Вечером Сизов спал в своём кабинете в Адмиралтействе. Он в последний раз обдумал план будущих действий, прикинул, как лучше действовать и что говорить, и, главное, когда вмешаться. Хотя он считал, что ему самому дадут возможность претворить свои задумки в жизнь. Переговорил по телефону с Царским Селом: офицеры Экипажа подтвердили готовность начать поход на Петроград в любое время. То же самое и с Балтийским флотом: Слащев вывел "на учения" корабли, на которых собрал самые спокойные и не разложившиеся от скуки и муштры команды. Маннергейм распоряжался в Гельсингфорсе, судя по телеграмме. Она пришла от некоего господина Карлтона господину Феоктистову, и в ней сообщалось об удачно провёрнутой сделке: барон давал знать, что гарнизон в его руках, а истребованные Маннергеймом румынские части вот-вот подойдут, дня через три-четыре. Жаль, что их было мало, всего тысяча офицеров и нижних чинов успевала к намеченному Сизовым сроку. Да и то — в разных составах. Но это уже было хоть что-то.
— Господи, если и не хочешь мне помогать — так хотя бы не мешай, — Кирилл отважился помолиться Богу, чего, как ни силился он вспомнить, раньше никогда не делал.
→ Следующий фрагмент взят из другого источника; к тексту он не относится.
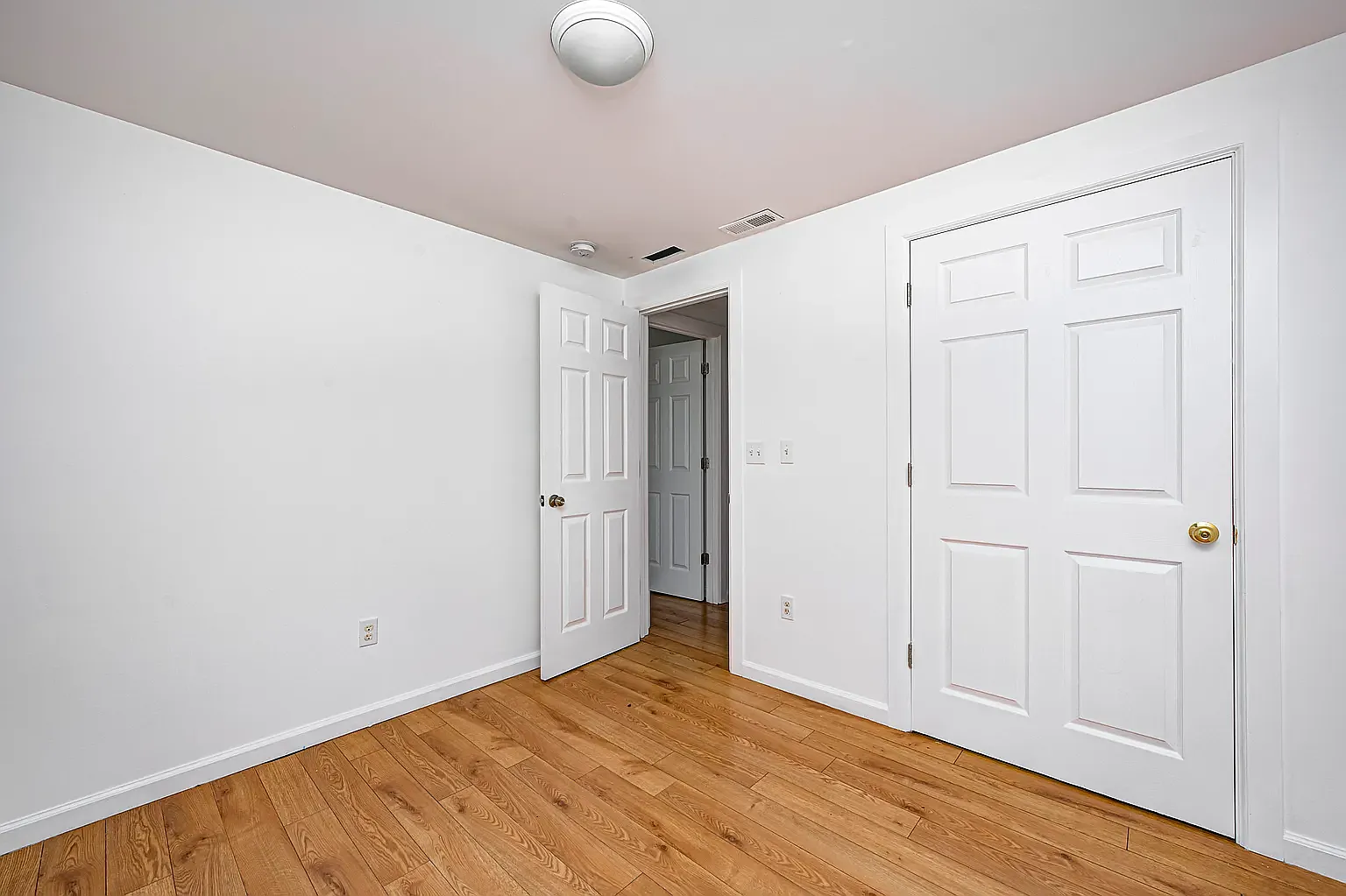 4 bed, 1320 sqft, $1,450 — Photo 1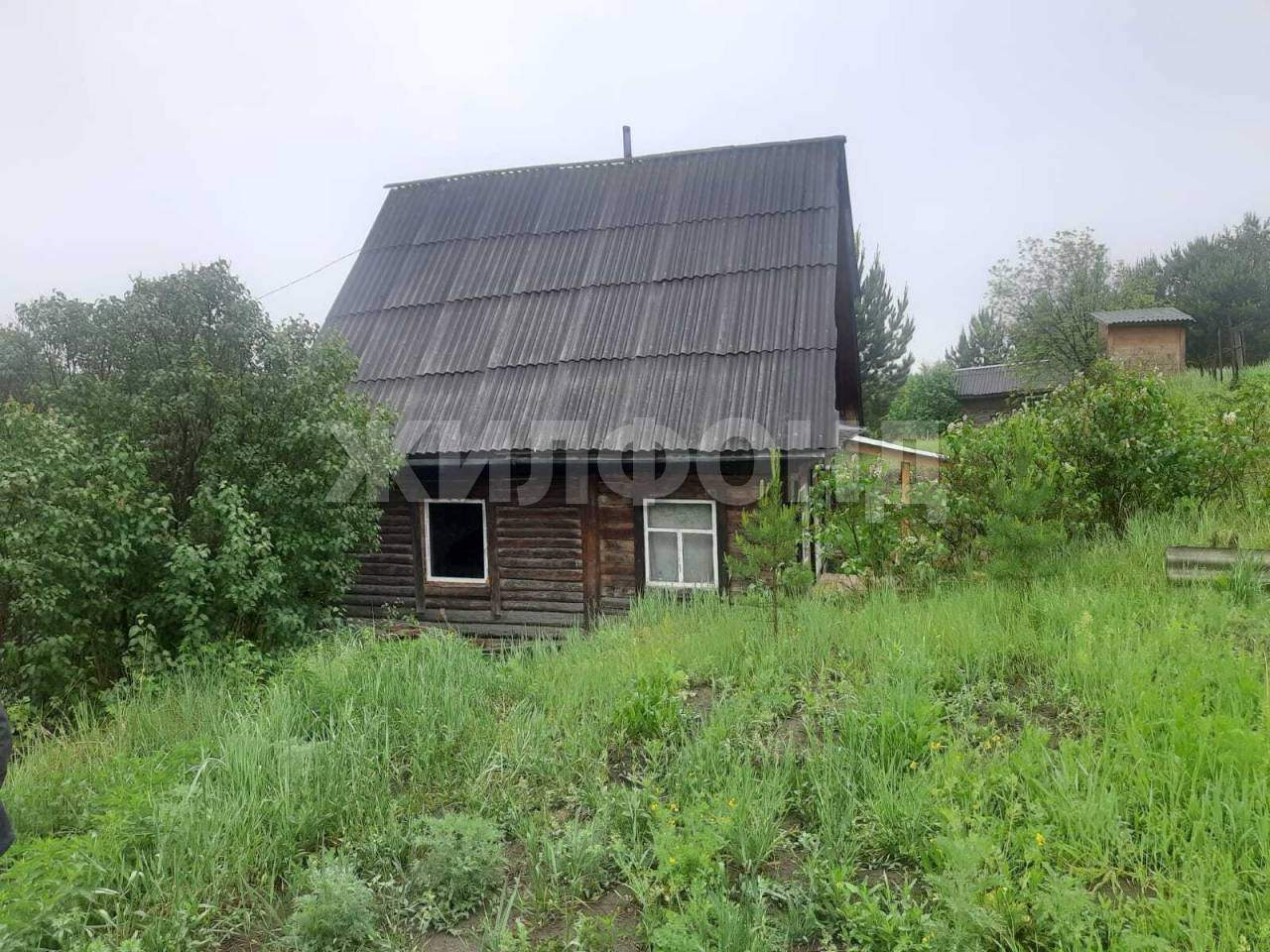 Продам земельный участок 824 м.кв.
Сизов-Романов в последний раз перечитал составленные им бумаги, которые должны были разительно переменить ход вещей в предстоящую неделю. Как бумага может изменить историю? Кирилл при этой мысли осклабился и, вздохнув, прилёг на диван, даже не сняв мундира. Сейчас — спать. А потом не будет времени даже на то, чтобы надеть одежду нормально.
Александр Иванович Гучков и "толстяк" Родзянко спорили по поводу предстоящих событий. О небольших волнениях им было известно, к этому всё и шло, народ подталкивался, но председатель Думы боялся, что бунт может превратиться в целое восстание, а то и в революцию.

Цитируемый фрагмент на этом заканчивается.